Six teams competed at Moolman’s Farm on the banks of the Vaal Dam in the Free State, where various fish species such as carp, mudfish, catfish and grass carp can be caught. The teams were made up of one person from each of the five categories listed below:
Category 1: Quadriplegics and persons who don’t have hand function and cannot cast for themselves
Category 2: Paraplegics
Category 3: Blind anglers and anglers who have lost a limb
Category 4: Anglers with a minimum disability
Category 5: Anglers who are deaf or partially deaf
A number of QASA members participated in the first two categories, including Riaan Bornman (first place), Piet de Wit (third place) and Corne Lubbe (sixth place). Congratulations to all the anglers and the organisers – this was indeed a great achievement for people with disabilities!
Two of the anglers provided the following feedback:
“This is my fourth year fishing in champions. Every year the competition gets tougher and tougher, but it’s still one of the most fun sports to participate in. I would encourage any person with a disability to join a team in their region.

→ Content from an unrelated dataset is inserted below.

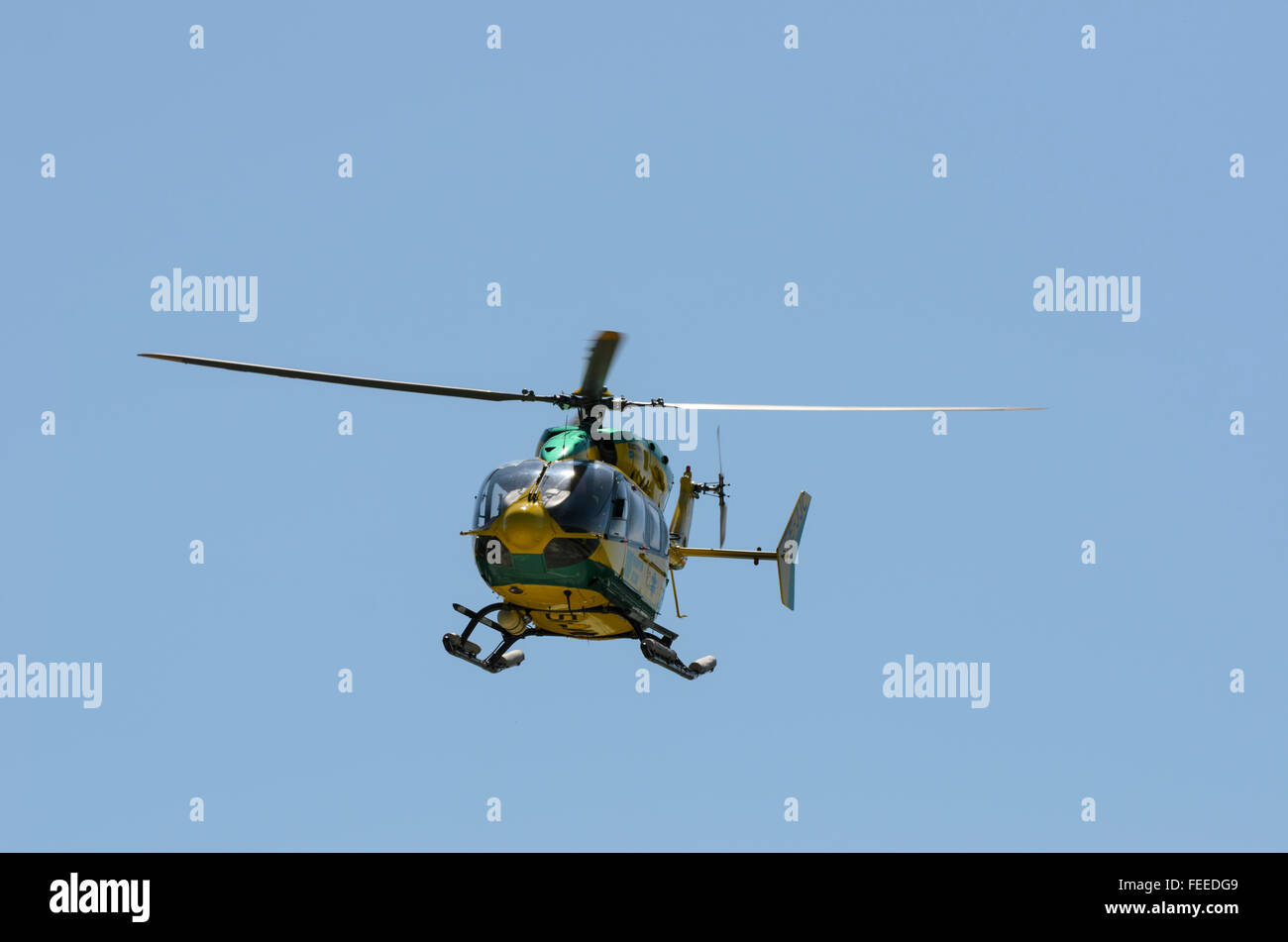 Hubschrauber in der Luft schweben Stockfoto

“We have adapted equipment to make it possible for any person with a disability to enjoy this sport. Like they say: ‘A bad day’s fishing is better than a good day at the office.’”
– Riaan Bornman, fishing for SAFBAF A Team
“It was a great privilege and honour to participate as an angler in the World Games at Moolman’s. This is my fourth year involved in this unique sport. The first year I was in the A Team and we only competed to obtain our provincial colours.

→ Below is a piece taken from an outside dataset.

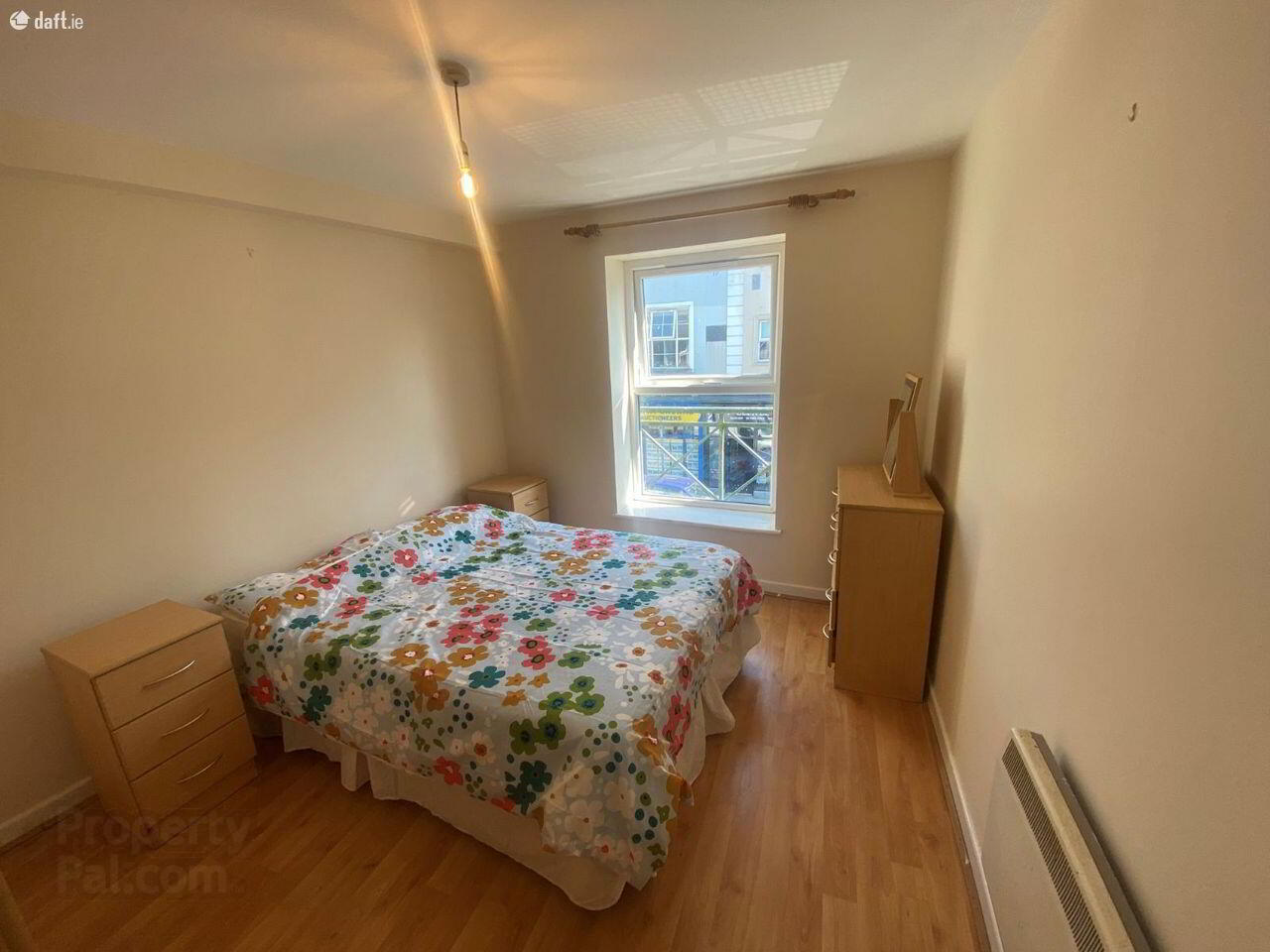 Apartment 1 103/104 Thomas Davis Street 1 of 5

“The following year I competed and won the SAFBAF competition, where I was in the B Team. The third year I competed in the Rainbow A Team. My personal opinion is that this is the ideal sport for people with disabilities. It is a very relaxing sport, where you are in nature and you can break away from the normal daily routines at home.
“It stimulates your brain, as you need to think and plan the type of bait and fishing gear. Nothing compares to the excitement and feeling of adrenalin once you catch a fish.”